Na guerra fraticida entre Bolsonaro e a Globo, agora chegou a vez do futebol.
E a principal vítima é o telespectador, que vai pagar mais caro para acompanhar os jogos do seu time.
Ao tirar da Globo a transmissão da final do campeonato carioca contra o Fluminense, em junho, o presidente do Flamengo, Rodolfo Landim, numa operação casada com o presidente Jair Bolsonaro para implantar a Lei do Mandante, abriu a porteira para bagunçar o mercado de futebol na TV, que era um quase monopólio do Grupo Globo.
Com o Ministério das Comunicações entregue a Fábio Faria, um deputado do Centrão que é genro de Silvio Santos, quem saiu ganhando foi o SBT, que ficou não só com a transmissão de Flamengo e Fluminense, mas em seguida comprou os direitos da Libertadores e agora disputa com a Globo outros campeonatos.
Até outro dia, os principais jogos de futebol passavam na Globo e ninguém precisava ficar zapeando por 500 canais nem procurando na internet, mas agora surgiram 14 opções em canais abertos e fechados canais abertos e fechados, a maioria deles pagos.
Era de se esperar que, com o aumento da concorrência, os preços dos pacotes fossem cair, mas aconteceu exatamente o contrário, como mostra a matéria “Ver futebol fica mais caro com direitos divididos com streaming”, de Luciano Trindade, na Folha.
“A criação de novos canais e serviços de streaming especializados em jogos de futebol e a consequente fragmentação dos direitos de TV dos principais torneios tornou mais caro para os torcedores acompanhar as partidas.
Na maioria dos casos, o cliente precisa ser assinante de uma das operadoras e comprar um pacote de pay-per-view das diferentes competições.
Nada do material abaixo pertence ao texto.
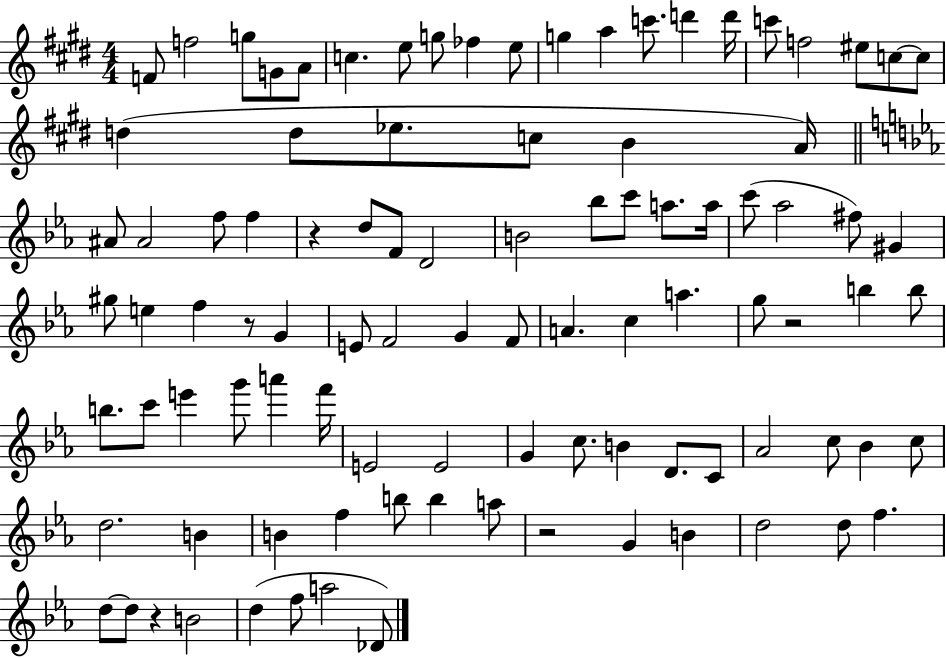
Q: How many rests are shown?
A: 5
Se o seu time disputa diferentes campeonatos, azar dele.
Na quinta-feira, pela primeira vez, um jogo da seleção brasileira pelas eliminatórias da Copa de 2002, não passou nos canais da Globo e apareceu, de repente, na TV Brasil, a emissora do governo que Bolsonaro pretendia fechar porque era chamada de TV Lula.
Durante todo o dia, informou-se que o jogo só seria transmitido pelo El Plus, serviço de streaming do Esporte Interativo, e pelo El Canal del Fútbol, no YouTube, em língua espanhola.
Foi quando entrou em ação o secretário-executivo do Ministério das Comunicações, Fábio Wajngarten, e resolveu transformar o jogo da seleção num grande comercial de propaganda do governo, no melhor estilo da TV da Coréia do Norte.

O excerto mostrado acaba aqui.